I have the beginnings of a work-around:  if I can figure out which page in
the large document is the first one to use PGF's transparency features, I
can just make sure that that page is included in the subset I request from
xdvipdfmx.  I've tested this manually and it looks like it should work.
Transparency is first used on page 47, and no subset that includes page 47
produces the error.  But I'd like it to be more automated. I may be able
to insert an invisible dummy image that uses transparency on an early page
of the large document, so that "the first use of transparency" will always
be on a predictable page number; that should help.

Since I'll be subsetting the pages again with pdfpages later, it should be
no problem to have an extra page in each small PDF.  A similar issue might
arise at the pdfpages stage, but I guess I can cross that bridge when I
come to it.

However, I think this is a bug in xdvipdfmx.  It is clearly smart enough
to know that it has emitted an object that requires "pgfopacities"; and it
is smart enough to recognize the definition of "pgfopacities" when it sees
that; if those two things were not both true, then it wouldn't be able to
detect the error condition.  So it should be able to automatically emit
the definition of pgfopacities when it is required.  If xdvipdfmx has all
the pieces to write correct output, and can detect that the output is
incorrect, but it writes incorrect output anyway, then I don't think pgf,
the user, or any other part of the system can be blamed.

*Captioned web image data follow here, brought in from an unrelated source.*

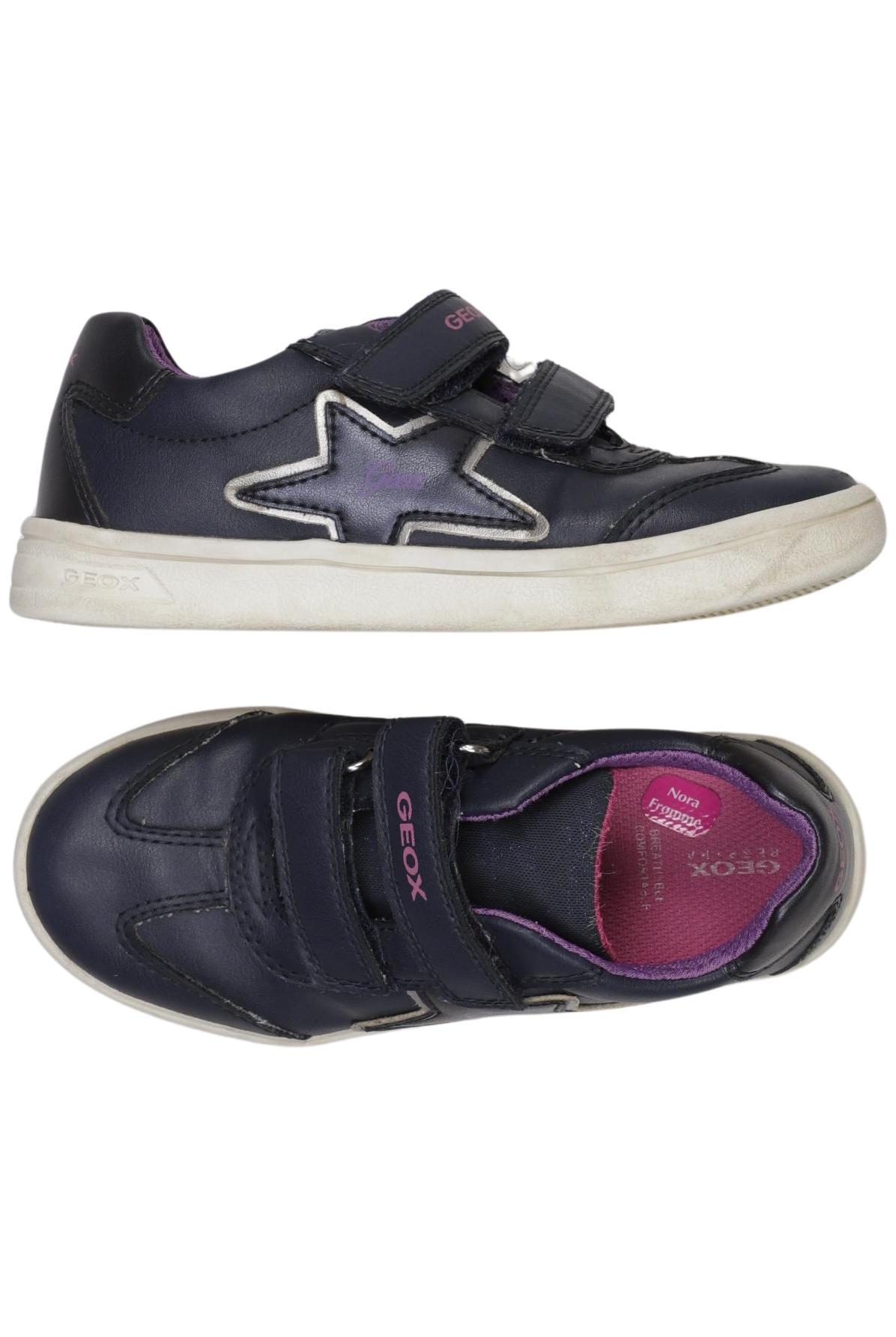 

Geox Mädchen Kinderschuhe, mehrfarbig, Gr. 29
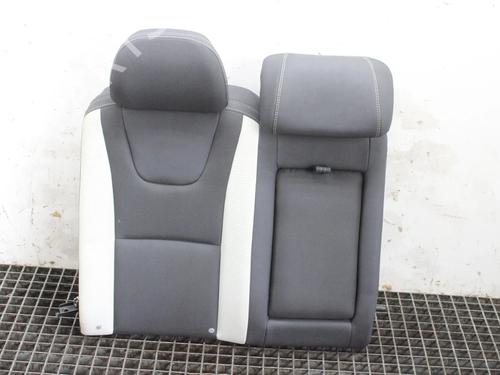 Asientos traseiros Asientos traseiros VOLVO S60 II (134) D3 (163 hp) 39850921 39850921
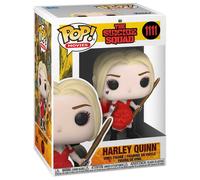 Funko Suicide Squad Harley Quinn The Dress Figure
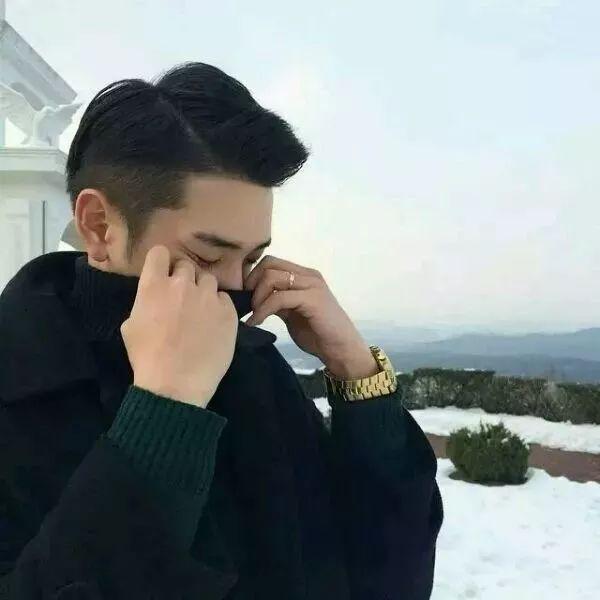 适合亚洲男士的发型推荐!让姑娘看了走不动步 适合亚洲男士的发型推荐!让姑娘看了走不动步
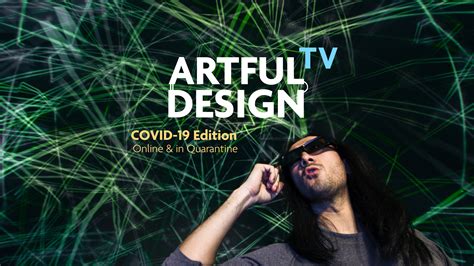 artful tv 8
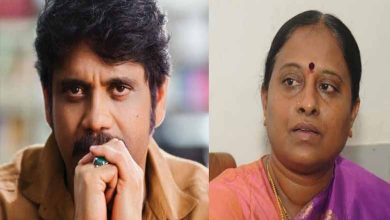 Actor Nagarjuna Files Defamation Suit Against Minister Konda Surekha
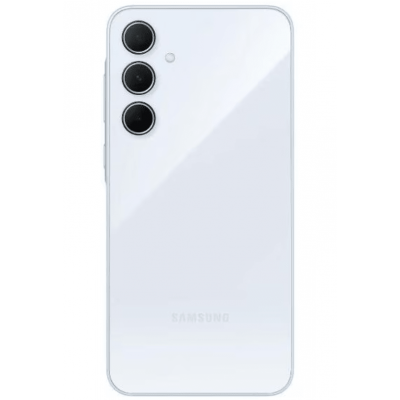 Смартфон Samsung Galaxy A35 6/128GB Awesome Iceblue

I recognize that trying to handle this correctly might break the
single-pass nature of xdvipdfmx, if xdvipdfmx is trying to be single-pass
- because when it first sees the definition of "pgfopacities" on a page
that isn't being emitted, it doesn't know whether that definition will be
needed by some future page.  Dealing with all such things in general would
require xdvipdfmx to save all definitions on the side and then emit them
as and if they are needed, and that means storing a lot of possibly never
used data during processing.  But one way to work around it without
imposing a lot of extra record-keeping would be for xdvipdfmx to accept an
option listing the names of objects that *must* be passed through; then as
a user I could just specify that option for "pgfopacities" and get output
that works.  At present, the only way I can have it write out a given
special seems to be to request a page I don't really want that
happens to contain that special.
-- 
Matthew Skala
mskala at ansuz.sooke.bc.ca                 People before principles.
http://ansuz.sooke.bc.ca/

Appendix:

This is not directly relevant to the problem, but both for interested
readers and to forestall "You shouldn't want to do that, do something else
that won't meet your needs instead!" responses:  The small PDFs will be
used with the pdfpages package in a second run of XeLaTeX to generate PDFs
for printing the large document as a multi-volume set of books.  It's
preferable to use many small intermediate PDFs instead of using pdfpages
to take pages directly from the original large document, because pdfpages
seems to take a time *per page* proportional to the size of the document
it is examining; thus the overall process is quadratic without splitting
into small PDFs, and linear with splitting.  It's a difference of several
hours processing time at the moment and likely to become a difference of a
few days per run at some point in the future, because the large document
is planned to grow to three or four times its current size (i.e. 5000 to
7000 pages) within the scope of the project that it's part of.